[PROVIDED ENTRIES Boundary: Start]
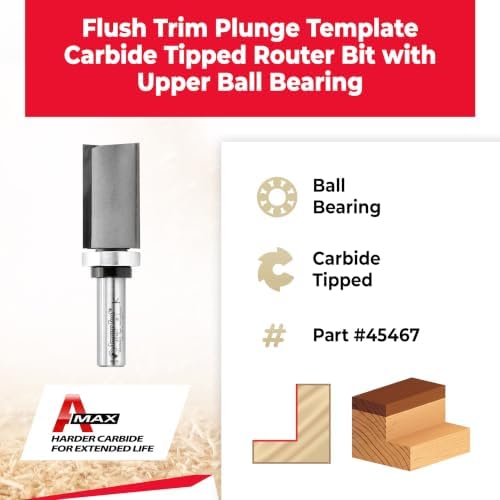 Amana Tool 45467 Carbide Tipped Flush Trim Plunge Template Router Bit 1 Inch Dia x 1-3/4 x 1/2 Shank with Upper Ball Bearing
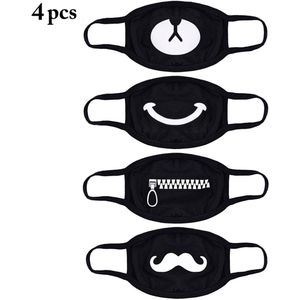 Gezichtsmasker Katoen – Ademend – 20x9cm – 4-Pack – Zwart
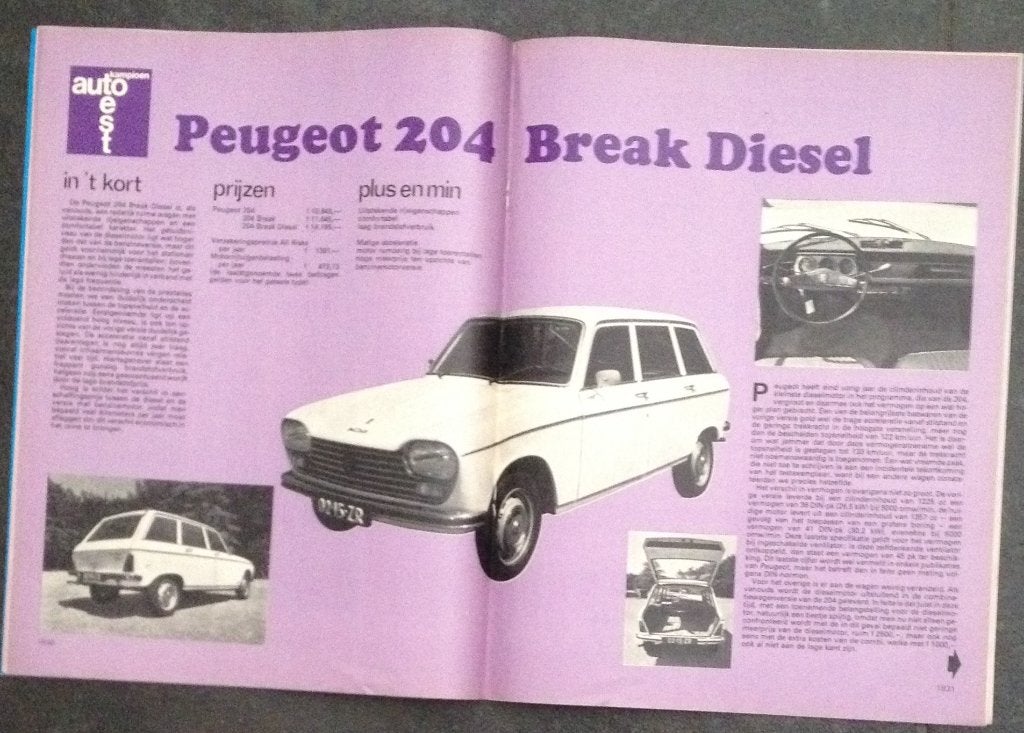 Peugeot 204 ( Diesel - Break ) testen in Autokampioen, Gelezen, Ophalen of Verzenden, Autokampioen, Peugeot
[PROVIDED ENTRIES Boundary: End]
[PROVIDED ENTRIES Boundary: Start]
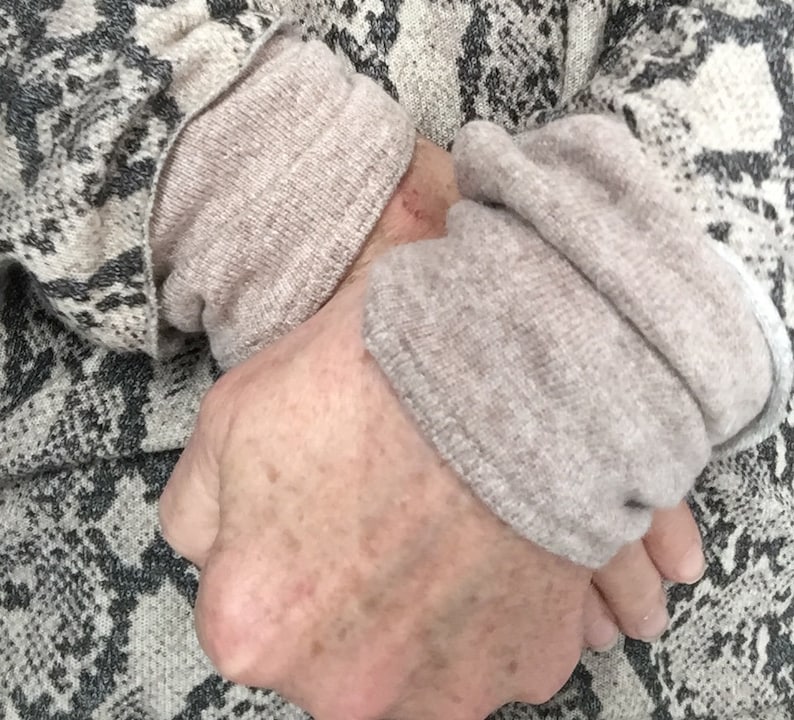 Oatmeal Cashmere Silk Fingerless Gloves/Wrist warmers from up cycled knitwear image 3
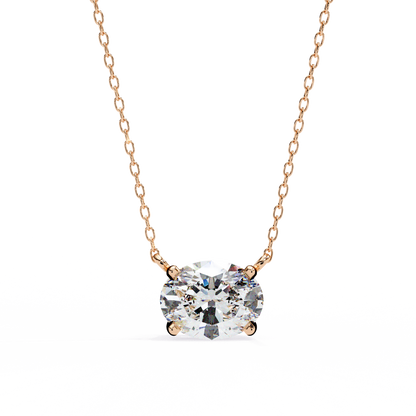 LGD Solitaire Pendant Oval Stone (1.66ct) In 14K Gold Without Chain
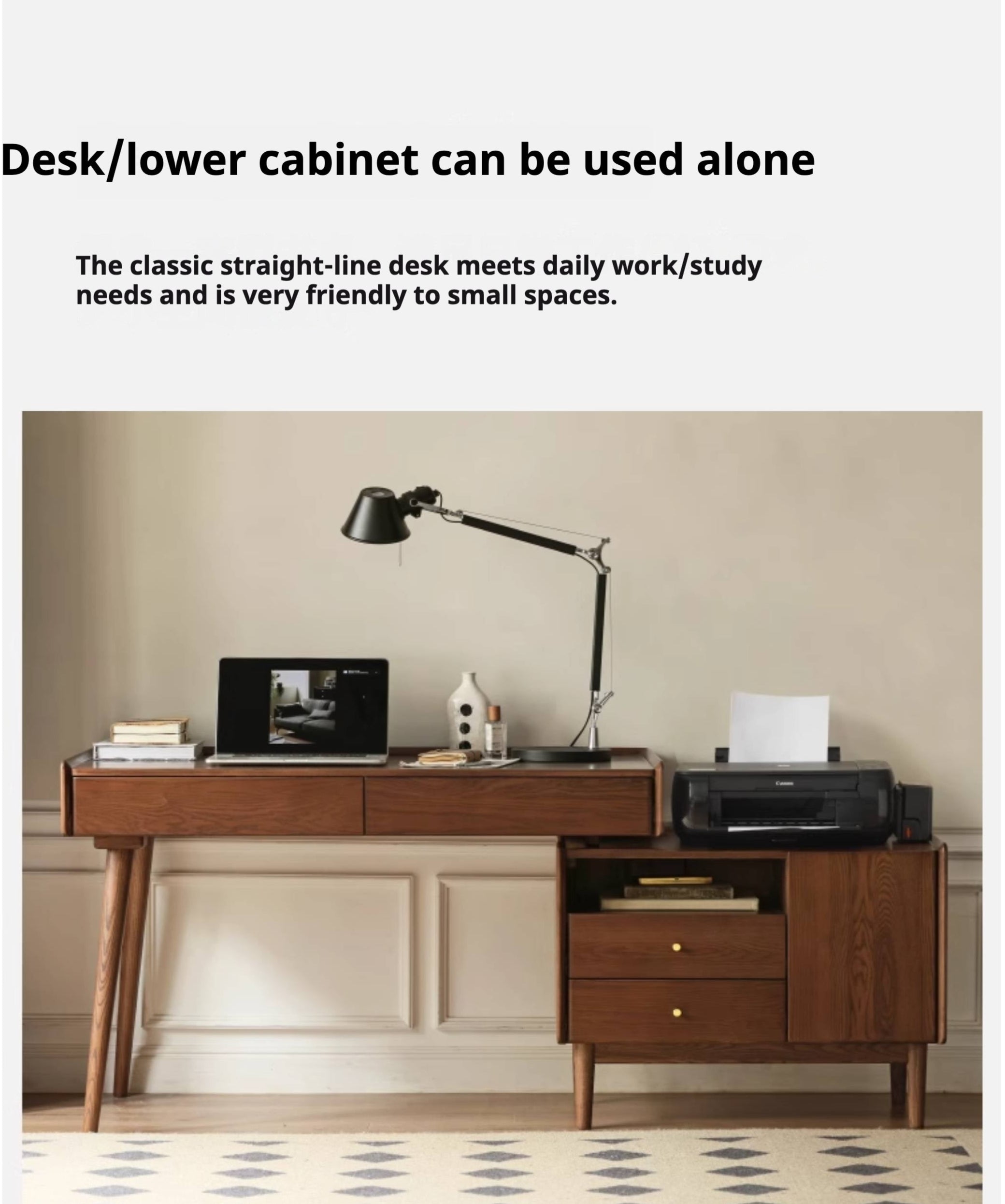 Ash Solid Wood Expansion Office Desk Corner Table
[PROVIDED ENTRIES Boundary: End]
WHAT YOU SHOULD DO
Since the pictures are not part of the copy, please transcribe only the lines above from the one with "LGD Solitaire Pendant" through the one with "Ash Solid Wood", exactly and with both ends.

EXPECTED ANSWER
 LGD Solitaire Pendant Oval Stone (1.66ct) In 14K Gold Without Chain
 Ash Solid Wood Expansion Office Desk Corner Table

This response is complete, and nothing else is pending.